Cathay Pacific collaborates with China’s State Power Investment Corp. to develop SAF supply chain
Cathay Pacific has teamed up with the State Power Investment Corp. to drive the further development of the sustainable aviation fuel (SAF) supply chain in China.
SPIC is one of the largest state-owned energy companies on the Chinese mainland and a company with the world’s largest solar power installed capacity.
SPIC and Cathay Pacific have recently signed a memorandum of understanding (MOU) covering four SAF plants under SPIC.
Witnessed by Qian Zhimin, the chairman of SPIC, and Chen Haibin, SPIC vice president, Ronald Lam, CEO of Cathay Pacific Group, and Alex McGowan, Cathay Pacific Group’s chief operations and service-delivery officer designate, the MOU was signed by Yin Guoping, chairman of SPIC International Finance (HK) Co. Ltd., and Andy Wong, Cathay Pacific’s general manager of corporate affairs, at Cathay Pacific’s Hong Kong headquarters.
“The signing of our cooperation pact is an important milestone in SPIC’s sustainable development pursuits, and a significant contribution by a Chinese enterprise towards supporting sustainable development in the global aviation sector,” Zhimin said. “We hope both parties can build on our collaboration in the certification and purchase of SAF to further cooperate in areas pertaining to the industry supply chain, project development and securing the necessary policy support.”
Lam added, “We are very excited to be partnering with SPIC to support and accelerate the development of the SAF industry in China. Cathay Pacific has a target of using SAF for 10 percent of its total fuel consumption by 2030, which is a core component towards reaching our goal of net-zero carbon emissions by 2050. This collaboration brings together the complementary advantages of SPIC’s strengths in the field of clean energy with Cathay Pacific’s expertise as an end-user of SAF. We hope this partnership will play an important role in the decarbonization of the aviation industry. Under the MOU, Cathay Pacific will share international experience, and also feedback on the SAF-certification process, value chain and overall market know-how to facilitate SPIC in the successful establishment of four SAF plants on the Chinese mainland. Building and strengthening the SAF supply chain is an ambitious goal and one that requires extensive collaborative work with many stakeholders to achieve. We want to send a clear message that SAF is going to be the most important lever for achieving net-zero carbon emissions within the aviation industry, and that there will be clear and stable demand from airlines.”

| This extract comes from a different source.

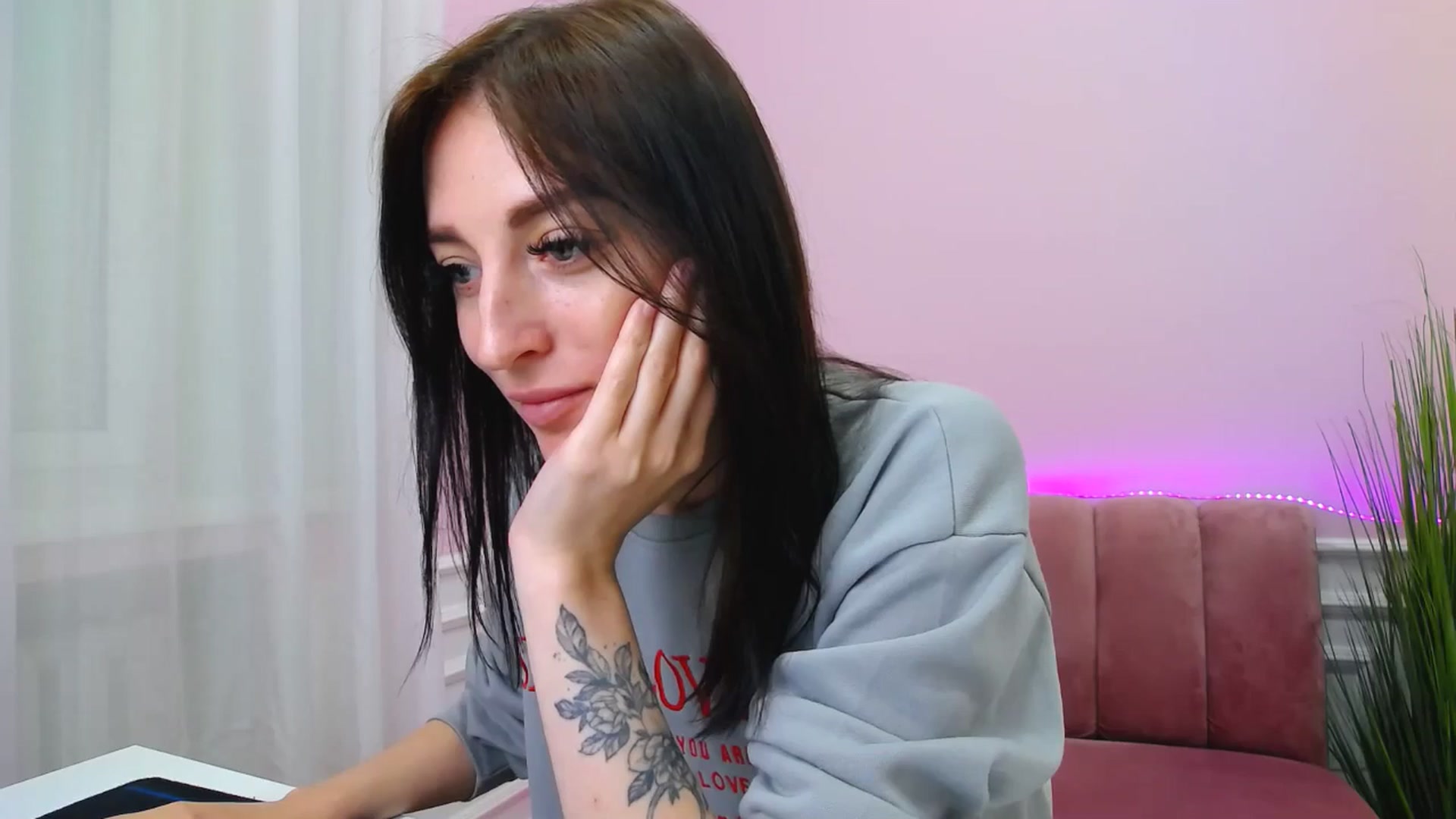 Gallery image thumbnail from KiiraDream's myfreecams stream on, 04/26/2025, 11:56 image 19 of 20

The four SAF plants are expected to be commissioned between 2024 and 2026, and each will have the capacity to produce 50,000 to 100,000 metric tons (approximately 16.5 million gallons to 33 million gallons) of SAF annually.
The plants will use a pathway similar to Power-to-Liquids (PtL) to generate the SAF, converting renewable electricity into liquid fuels.
Cathay Pacific is committed to pioneering the aviation industry’s move towards more substantial use of SAF, especially in Asia.
In 2014, it was the first airline investor in Fulcrum BioEnergy, from which the airline has already committed to purchasing 1.1 million tons of SAF over 10 years, which covers around 2 percent of its pre-COVID-19 fuel requirements on an annual basis.
The airline also launched the Cathay Pacific Corporate SAF Programme—the first major program of its kind in Asia—in 2022. The program provides corporate customers the opportunity to reduce their carbon footprint from business travel or airfreight by contributing to the use of SAF, which was uplifted and used at Hong Kong International Airport for the first time as part of the program.
Cathay Pacific plans to scale up the program in 2023, extending the service to more corporate customers.